Los primeros museos públicos, como el British Museum (fundado en 1753) o el Musée du Louvre (abierto al público en 1793), surgieron inspirados por ideales ilustrados de difusión del conocimiento. En el siglo de las luces, las colecciones privadas de monarcas y sabios dieron paso a instituciones al servicio del público, con la aspiración explícita de formar una ciudadanía ilustrada. El museo se concebía ya entonces como una escuela pública de arte, ciencia e historia. En Londres, París o Berlín, se entendió que abrir las puertas de palacios y galerías a “todo el pueblo” era un paso hacia una sociedad más educada y participativa.

Sin embargo, aquel impulso educativo original convivió con ciertas contradicciones. Durante buena parte del siglo XIX, muchos museos operaban más como “templos” de la alta cultura que como espacios verdaderamente pedagógicos. Se mostraban obras y artefactos magníficos, sí, pero a menudo con una actitud distante hacia la interpretación y la enseñanza activa. Pensemos, por ejemplo, en el Museo del Prado en el siglo XIX: abierto desde 1819, fue concebido inicialmente para exhibir las colecciones reales de pintura, pero durante décadas su función educativa se limitó prácticamente a ofrecer el arte a la contemplación reverente del visitante. Situaciones similares se daban en otros grandes museos europeos, donde la educación era más implícita que explícita, confiando en el valor civilizador “por sí mismo” de las bellas artes o las ciencias. La noción limitada de educación museal de aquella época equivalía a exponer obras maestras y confiar en que el público las apreciara, sin mediación ni contexto adicional. 

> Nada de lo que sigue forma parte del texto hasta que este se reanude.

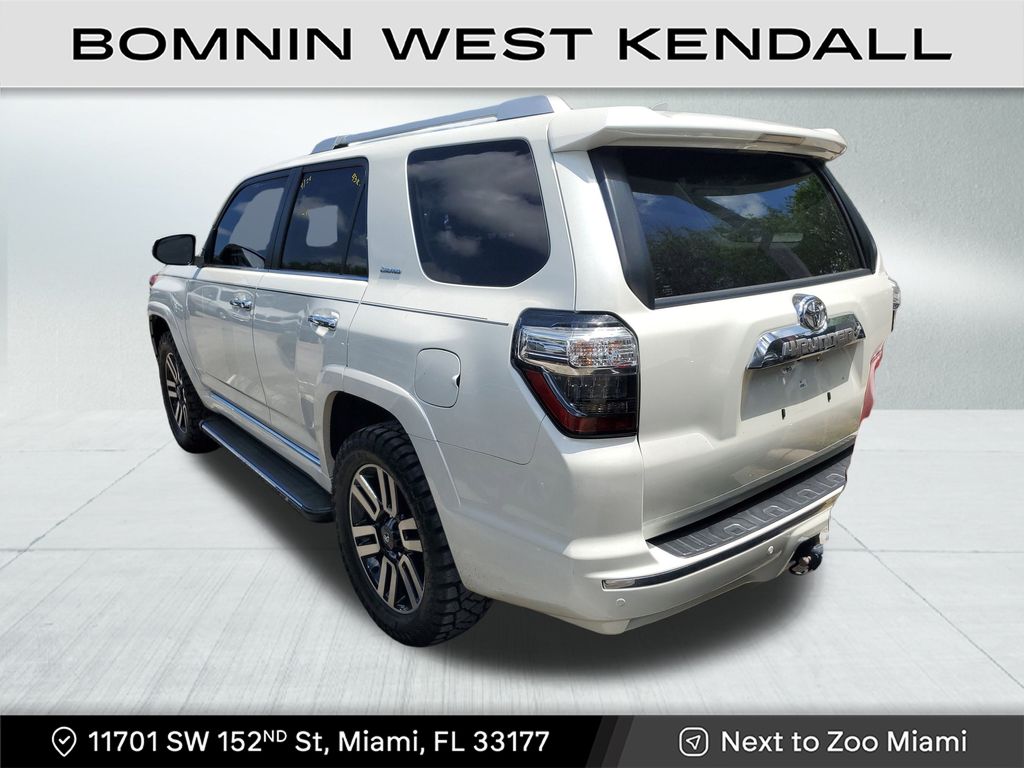 2022 Toyota 4Runner Limited photo 4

Aun así, el germen educativo nunca desapareció. A lo largo del siglo XIX se produjeron avances importantes que ampliaron la misión pedagógica de los museos. Un hito significativo fue la fundación en 1857 del South Kensington Museum en Londres (hoy Victoria and Albert Museum), concebido expresamente para educar el gusto y las habilidades de artistas, artesanos y público general. Este museo nació tras la Gran Exposición de 1851 y materializaba la idea de que el museo debía ser una escuela de diseño industrial y artístico, acercando la cultura a todas las clases sociales. Del mismo modo, en Estados Unidos, los grandes museos de arte y ciencia que aparecieron tras la Guerra Civil (como el Metropolitan Museum of Art, fundado en 1870, o el Smithsonian Institution) se definieron en sus estatutos como instituciones educativas. Estas entidades, influenciadas por un espíritu pragmático y democrático, declaraban abiertamente que su propósito era instruir y deleitar al público, no solo coleccionar objetos. Figuras visionarias como George Brown Goode, subdirector del Smithsonian a finales del XIX, proclamaban que “un museo bien gestionado debería ser ante todo una institución educativa”. Poco a poco, fueron surgiendo actividades pioneras: conferencias públicas, visitas guiadas, publicación de catálogos explicativos e incluso préstamos de obras a escuelas, todo con la intención de acercar el conocimiento a la sociedad. 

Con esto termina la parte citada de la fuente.